In the climate that captivated Webb and other like-minded contemporaries, who deliberately sought to replicate it, people could harness their power to sign binding settlement contracts. They could express creative alternatives to advance their respective and mutual goals… they could stay out of court.

Contract Power in the Collaborative Process

Contract Power in the Collaborative Process blue and white light electricity on hand

Alternative dispute resolution (ADR) processes are more intimate than going to the mat with an adversary in court.4

Negotiating participants in ADR control the processes more than they can in adversarial models. They may make graduated choices to achieve goals after considering options, including options unavailable to a judge.5

Collaborators working in a confidential, intimate, encouraging environment may achieve — by  contract — person-oriented” remedies, like “an apology, a handshake, and invitation.”6 Collaborators may express choices by contract commitments that advance goals, which may include maintaining personal relationships (for example, so they may coparent effectively), preserving bonds in an interdependent group (for example, a family, a neighborhood, or a social circle), or moving past the dispute in harmony (for example, so they may resume business together). A judge typically couldn’t impose these remedies unrelated to the claims for adjudication.7

Litigation is not intimate; it’s polarizing. A dominant neutral stranger controls the process.8 The stranger, typically faced with binary choices, imposes a resolution on the combatants.9 That happens after they present evidence, under constraints rules of evidence and procedure impose, and argue positions, based on statutes and case precedent.

Contract Freedom and An ADR Process That Encourages Its Exercise

Surfer in curl of wave Contract freedom

The collaborative environment Stu Webb imagined, which collaborating professionals have expanded globally, invites exercising contract freedom.

Fundamental federal law, state law, and case law have protected freedom to contract as a liberty and property right.10

States cannot take away the right to contract without due process. The Federal Constitution’s Contract Clause11 and state constitutions12 restrict state impairment of contract obligations.

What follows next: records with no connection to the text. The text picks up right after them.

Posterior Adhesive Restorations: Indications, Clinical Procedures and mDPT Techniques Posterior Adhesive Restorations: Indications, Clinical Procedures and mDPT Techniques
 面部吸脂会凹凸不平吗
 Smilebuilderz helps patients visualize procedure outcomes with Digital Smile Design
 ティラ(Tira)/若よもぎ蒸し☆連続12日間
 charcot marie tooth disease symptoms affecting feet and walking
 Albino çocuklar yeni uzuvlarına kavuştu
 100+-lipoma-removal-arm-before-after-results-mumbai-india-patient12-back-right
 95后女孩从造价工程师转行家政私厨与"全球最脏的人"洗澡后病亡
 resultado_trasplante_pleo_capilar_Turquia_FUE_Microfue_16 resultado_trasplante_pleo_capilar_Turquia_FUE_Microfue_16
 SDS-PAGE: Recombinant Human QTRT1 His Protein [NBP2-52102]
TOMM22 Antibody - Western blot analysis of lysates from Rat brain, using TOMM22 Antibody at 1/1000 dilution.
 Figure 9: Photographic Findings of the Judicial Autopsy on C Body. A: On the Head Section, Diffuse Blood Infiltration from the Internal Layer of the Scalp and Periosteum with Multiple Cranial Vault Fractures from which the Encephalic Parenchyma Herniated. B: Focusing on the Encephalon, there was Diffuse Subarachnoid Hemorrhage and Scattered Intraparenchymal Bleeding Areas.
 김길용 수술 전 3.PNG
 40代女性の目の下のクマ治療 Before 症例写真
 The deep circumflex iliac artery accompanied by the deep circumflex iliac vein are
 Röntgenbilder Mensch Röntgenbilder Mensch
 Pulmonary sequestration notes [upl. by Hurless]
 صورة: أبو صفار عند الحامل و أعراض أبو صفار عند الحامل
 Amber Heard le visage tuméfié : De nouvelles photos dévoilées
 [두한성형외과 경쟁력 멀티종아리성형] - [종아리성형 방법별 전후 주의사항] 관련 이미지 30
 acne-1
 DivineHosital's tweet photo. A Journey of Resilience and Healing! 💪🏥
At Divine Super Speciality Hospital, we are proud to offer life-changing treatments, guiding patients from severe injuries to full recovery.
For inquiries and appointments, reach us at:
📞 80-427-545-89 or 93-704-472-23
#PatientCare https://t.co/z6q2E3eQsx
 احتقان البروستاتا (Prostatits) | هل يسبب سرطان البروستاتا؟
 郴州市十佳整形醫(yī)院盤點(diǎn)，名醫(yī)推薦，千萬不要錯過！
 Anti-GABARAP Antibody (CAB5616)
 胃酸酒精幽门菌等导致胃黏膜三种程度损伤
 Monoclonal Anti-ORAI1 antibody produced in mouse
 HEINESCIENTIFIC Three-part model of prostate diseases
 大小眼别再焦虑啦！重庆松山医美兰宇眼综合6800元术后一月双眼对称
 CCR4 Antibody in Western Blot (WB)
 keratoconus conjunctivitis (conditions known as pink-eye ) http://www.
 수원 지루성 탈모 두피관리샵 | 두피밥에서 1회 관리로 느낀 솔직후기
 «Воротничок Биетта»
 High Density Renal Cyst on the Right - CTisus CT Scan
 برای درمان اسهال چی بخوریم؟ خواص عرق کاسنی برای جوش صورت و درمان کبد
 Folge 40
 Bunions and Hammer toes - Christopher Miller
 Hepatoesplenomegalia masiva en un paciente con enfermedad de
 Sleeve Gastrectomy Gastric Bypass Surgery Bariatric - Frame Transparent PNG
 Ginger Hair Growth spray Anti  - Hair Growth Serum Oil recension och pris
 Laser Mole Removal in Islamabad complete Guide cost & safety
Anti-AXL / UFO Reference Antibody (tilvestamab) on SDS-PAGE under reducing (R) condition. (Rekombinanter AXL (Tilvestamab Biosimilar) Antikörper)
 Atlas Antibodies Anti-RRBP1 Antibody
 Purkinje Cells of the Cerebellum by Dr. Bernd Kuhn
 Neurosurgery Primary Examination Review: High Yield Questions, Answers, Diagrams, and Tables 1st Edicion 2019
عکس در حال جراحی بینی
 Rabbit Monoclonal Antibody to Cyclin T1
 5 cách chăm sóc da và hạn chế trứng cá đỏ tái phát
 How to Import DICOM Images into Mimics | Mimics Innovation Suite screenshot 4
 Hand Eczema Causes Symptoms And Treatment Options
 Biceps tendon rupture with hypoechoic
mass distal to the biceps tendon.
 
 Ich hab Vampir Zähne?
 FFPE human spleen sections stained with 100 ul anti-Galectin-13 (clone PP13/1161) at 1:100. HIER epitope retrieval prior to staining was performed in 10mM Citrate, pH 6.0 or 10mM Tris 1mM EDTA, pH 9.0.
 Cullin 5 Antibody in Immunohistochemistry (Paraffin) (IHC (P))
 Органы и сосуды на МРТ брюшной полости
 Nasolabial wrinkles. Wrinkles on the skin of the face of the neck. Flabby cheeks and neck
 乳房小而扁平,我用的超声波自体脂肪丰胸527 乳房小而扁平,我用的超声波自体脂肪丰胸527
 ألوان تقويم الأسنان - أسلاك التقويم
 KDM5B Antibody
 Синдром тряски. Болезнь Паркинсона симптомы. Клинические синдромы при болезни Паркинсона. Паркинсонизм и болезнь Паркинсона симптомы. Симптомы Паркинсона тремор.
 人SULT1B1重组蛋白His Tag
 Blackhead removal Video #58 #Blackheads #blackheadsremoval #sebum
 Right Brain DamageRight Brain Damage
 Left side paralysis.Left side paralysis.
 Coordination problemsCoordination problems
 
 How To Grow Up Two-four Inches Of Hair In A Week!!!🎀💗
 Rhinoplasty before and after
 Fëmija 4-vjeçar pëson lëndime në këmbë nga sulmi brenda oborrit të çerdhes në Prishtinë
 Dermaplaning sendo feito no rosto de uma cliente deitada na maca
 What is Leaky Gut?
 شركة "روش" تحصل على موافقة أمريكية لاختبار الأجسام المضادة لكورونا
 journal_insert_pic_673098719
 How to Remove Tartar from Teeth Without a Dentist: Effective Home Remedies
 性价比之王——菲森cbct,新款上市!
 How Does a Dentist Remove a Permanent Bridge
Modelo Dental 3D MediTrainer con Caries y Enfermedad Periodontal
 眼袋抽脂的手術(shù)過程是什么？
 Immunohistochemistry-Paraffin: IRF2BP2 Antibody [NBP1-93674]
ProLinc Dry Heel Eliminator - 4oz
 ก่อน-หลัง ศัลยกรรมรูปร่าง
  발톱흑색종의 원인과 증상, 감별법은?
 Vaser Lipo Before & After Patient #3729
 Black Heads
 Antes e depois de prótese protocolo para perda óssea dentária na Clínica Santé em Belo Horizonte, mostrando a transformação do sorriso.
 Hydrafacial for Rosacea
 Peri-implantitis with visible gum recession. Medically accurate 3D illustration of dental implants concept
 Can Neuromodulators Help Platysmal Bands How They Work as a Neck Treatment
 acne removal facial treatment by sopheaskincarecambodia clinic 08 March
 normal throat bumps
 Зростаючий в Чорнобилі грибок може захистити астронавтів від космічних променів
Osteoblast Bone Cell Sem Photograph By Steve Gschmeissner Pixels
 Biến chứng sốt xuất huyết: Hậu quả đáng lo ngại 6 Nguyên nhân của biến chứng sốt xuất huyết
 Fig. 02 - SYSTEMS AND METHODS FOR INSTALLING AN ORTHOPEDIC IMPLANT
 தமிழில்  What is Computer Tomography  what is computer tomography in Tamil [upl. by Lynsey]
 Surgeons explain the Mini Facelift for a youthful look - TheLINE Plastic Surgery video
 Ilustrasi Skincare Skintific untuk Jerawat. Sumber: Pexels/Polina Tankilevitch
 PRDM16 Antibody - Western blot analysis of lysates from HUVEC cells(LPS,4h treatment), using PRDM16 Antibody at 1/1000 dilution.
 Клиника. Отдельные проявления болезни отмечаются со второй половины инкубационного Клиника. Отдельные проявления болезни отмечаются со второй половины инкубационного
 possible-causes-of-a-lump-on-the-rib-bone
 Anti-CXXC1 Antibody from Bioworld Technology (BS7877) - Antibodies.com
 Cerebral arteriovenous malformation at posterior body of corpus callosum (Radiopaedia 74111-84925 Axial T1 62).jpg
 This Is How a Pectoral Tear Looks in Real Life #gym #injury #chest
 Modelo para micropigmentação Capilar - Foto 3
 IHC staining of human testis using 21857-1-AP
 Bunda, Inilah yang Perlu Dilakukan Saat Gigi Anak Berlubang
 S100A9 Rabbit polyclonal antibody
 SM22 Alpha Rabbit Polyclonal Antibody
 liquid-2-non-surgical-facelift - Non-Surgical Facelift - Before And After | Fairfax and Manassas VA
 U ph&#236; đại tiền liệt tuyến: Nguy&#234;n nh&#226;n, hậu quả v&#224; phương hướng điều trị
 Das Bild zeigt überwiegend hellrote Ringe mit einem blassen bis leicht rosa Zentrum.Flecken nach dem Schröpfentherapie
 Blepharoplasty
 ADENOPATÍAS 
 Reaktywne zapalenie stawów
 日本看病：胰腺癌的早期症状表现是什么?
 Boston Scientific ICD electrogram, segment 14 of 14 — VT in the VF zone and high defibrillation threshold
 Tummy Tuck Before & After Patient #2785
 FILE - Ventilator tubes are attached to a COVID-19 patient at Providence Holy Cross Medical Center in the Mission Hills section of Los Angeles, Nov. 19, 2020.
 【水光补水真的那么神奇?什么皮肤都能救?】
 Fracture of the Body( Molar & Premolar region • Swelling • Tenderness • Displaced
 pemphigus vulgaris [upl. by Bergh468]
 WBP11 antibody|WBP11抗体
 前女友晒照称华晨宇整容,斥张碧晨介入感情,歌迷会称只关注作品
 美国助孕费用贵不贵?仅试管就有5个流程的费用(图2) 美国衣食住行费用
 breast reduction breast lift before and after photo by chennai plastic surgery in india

A state impairs a contract when it makes the contract worse or diminishes its quantity, value, excellence, or strength, lessens its effective enforcement, or delays its enforcement.13 Freedom from impairing contracts applies to any contract.14

The law circumscribes judicial power, too, to impair freely negotiated private contracts by stopping judges from rewriting them. Unless there’s fraud, involuntariness, overreaching, incapacity, violating public policy, or other sufficient grounds, a judge can’t rewrite parties’ contracts to make them fit a “post contractual conception more suitable to the situation of the parties.”15

Settlement Agreements Are Highly Favored

Settlement agreements are binding, enforceable contracts.16 Basic contract principles govern them.17 Marital settlement agreements, likewise, are binding contracts, interpreted and enforced under contract law.18

Public policy and the law in every state highly favors settling disputes with binding settlement agreements.19 Courts will uphold them, when possible, because, through them, parties amicably resolve doubts and uncertainties and avoid lawsuits.20

Settlement agreements help: 

  • produce peace, harmony, goodwill; 
  • preserve family ties; 
  • avoid or discourage potentially divisive litigation;
  • adjust equities; 
  • recognize parties’ autonomy to shape their own future rather than having a court impose an outcome on them;
  • effectuate the parties’ intent and needs;
  • avoid wasting assets; 
  • amicably resolve doubts; 
  • prevent lawsuits;
  • preserve scarce judicial resources; and
  • protect confidentiality.

This policy favoring parties’ reaching settlement agreements to provide for stable arrangements extends to matrimonial and other family law disputes21 and to probate disputes.22

The UCLA Promotes Settlement

The UCLA Promotes Settlement

The Uniform Collaborative Law Act (UCLA) further promotes highly favored settlement, particularly in family matters. As of this writing, seven of the ten most populous states – Texas, Florida, Pennsylvania, Illinois, Ohio, North Carolina, and Michigan (and fourteen other states plus the District of Columbia) – have adopted the Uniform Collaborative Law Act.23 Some adopting states have expressed this public policy encouraging peacefully achieved settlement contracts.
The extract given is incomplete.